**HOW TO COMPLETE THIS TASK**
After finding the line with "ESD uzemňovací systém (3 x banánik)" in the entries below, copy that line and each one after it exactly, through the last line, and omit pictures.

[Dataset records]

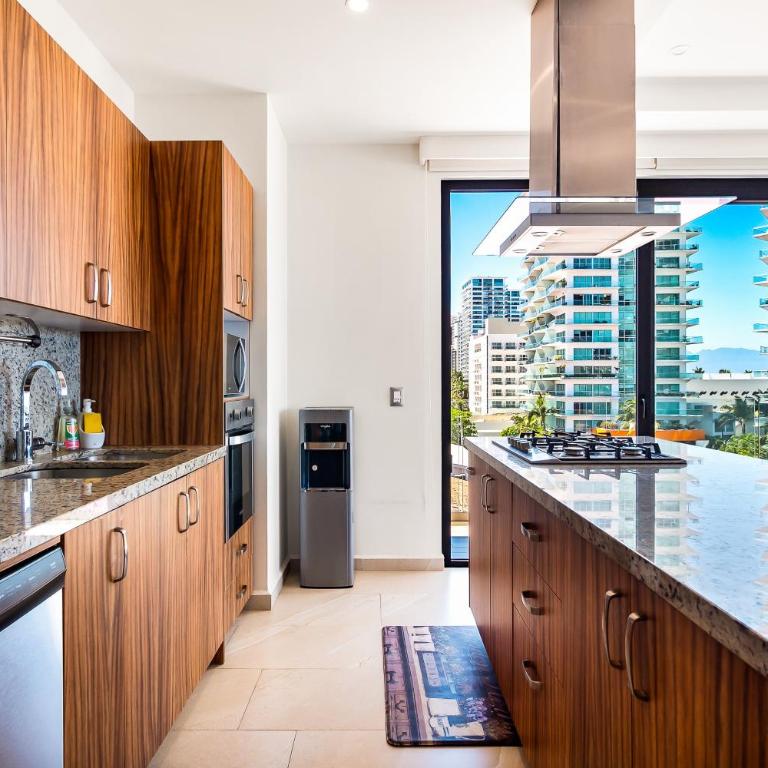 5th-floor condo with partial ocean views, heated pool, sauna, gym, balcony, W/D - Vacation Home - 17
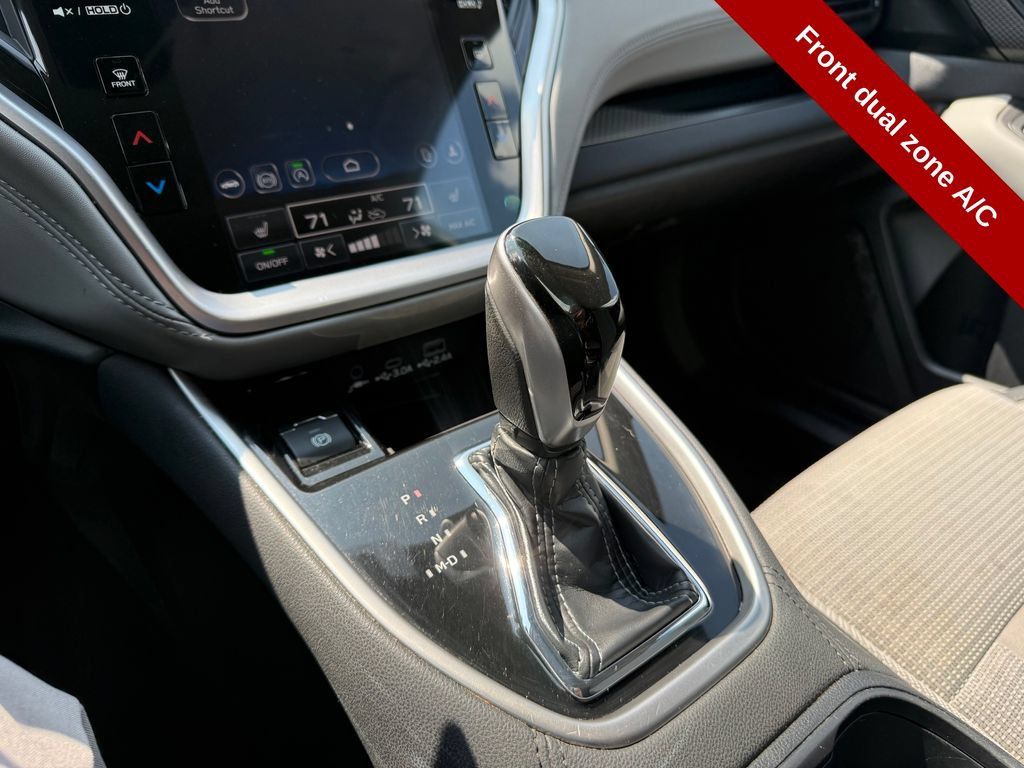 Used 2024 Subaru Outback Premium AWD/4WD image 27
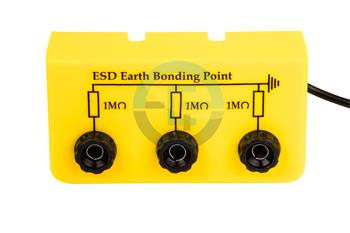 ESD uzemňovací systém (3 x banánik)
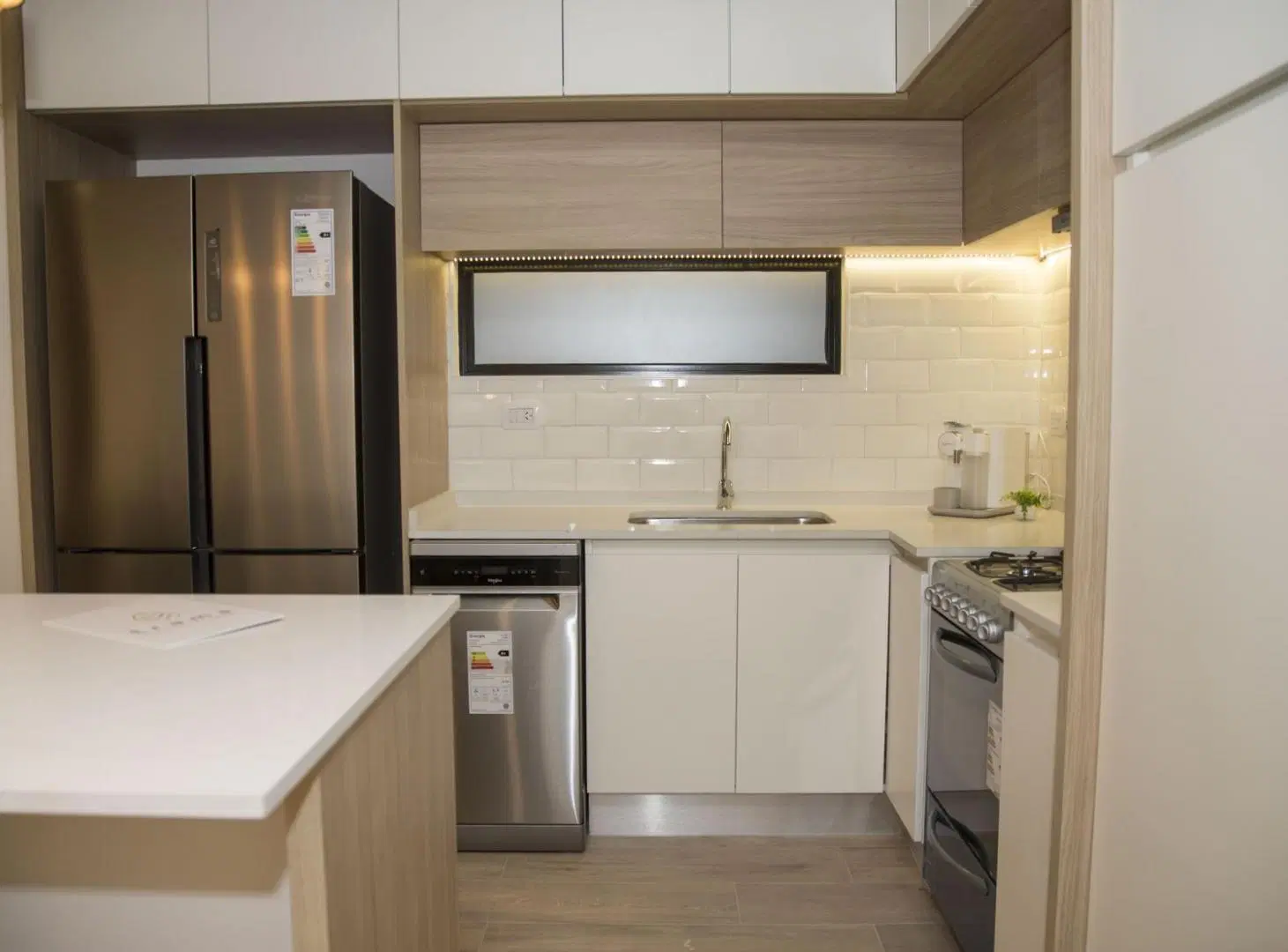 VENTA EN CONSTRUCCION, DEPARTAMENTO 2 AMBIENTES, CON ESCRITORIO, BALCON Y PARRILLA EN COGHLAN 5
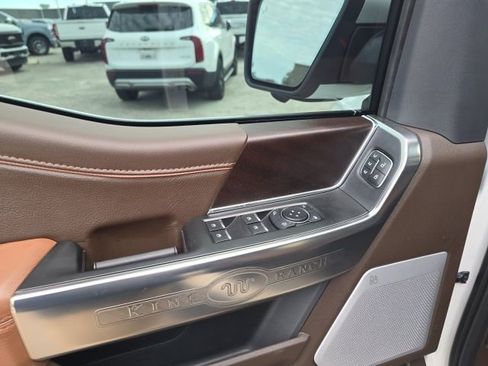 Used 2025 Ford F150 King Ranch w/ FX4 Off-Road Package image 10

**YOUR RESPONSE**
 ESD uzemňovací systém (3 x banánik)
 VENTA EN CONSTRUCCION, DEPARTAMENTO 2 AMBIENTES, CON ESCRITORIO, BALCON Y PARRILLA EN COGHLAN 5
 Used 2025 Ford F150 King Ranch w/ FX4 Off-Road Package image 10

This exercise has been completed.